Fr Joe Borg's column in The Sunday Times of November 1 ('A love affair called God'), brought to the fore the powerful and pervading reality that "the essence of Christianity is love - and the feeling of this love is meant to enhance the joy of living".

Love as self-giving is the dominant view throughout the Bible to establish who God is. In his first letter, St John describes God as being this self-transcendent love.

Furthermore, the apostle adds that those who claim that they believe and know God are to embrace his altruistic love. "So we know and believe the love God has for us. God is love, and he who abides in love abides in God, and God abides in him" (1 John 4, 16).

Philosophers have struggled to give their views concerning God. The problem with their thinking lies in the fact that they relegated the mystery of God into pure thought. In the philosophical domain God remained a sheer cold notion. I am thinking of the ontological argument as coined by St Anslem in his Proslogion: God is "a being than which nothing greater can be thought".

While I acknowledge the great merits of such a thorough reflection I would opt for the idea that love is a reality that is directly experienced.

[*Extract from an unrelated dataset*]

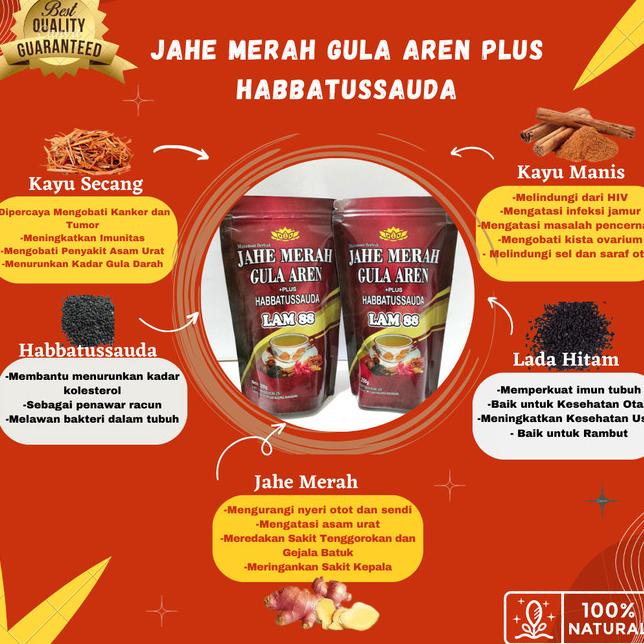 

Serba Murah Jahe Merah Gula Aren Plus Habbatussauda 100% ORIGINAL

Here the Word of God comes into play again. St John says: "We know and believe the love God has for us" (1 John 4, 16).

In his celebrated book Mysterium Paschale, the outstanding Swiss theologian Hans Urs von Balthasar writes: "In serving, in washing the feet of His creatures, God reveals Himself even in that which is most intimately divine in Him, and manifests His supreme glory".

All these illustrious and heroic acts point to God's magnificent glory as shown in giving up His life on the cross. "When I am lifted up from the earth, will draw all men to myself" (John 12, 32). This is, for me, the love affair called God. A God who was so full of love that became a human being, suffered many things, was rejected, killed and after three days rose again to redeem the entire creation from the slavery of sin and death (Mark 8, 31).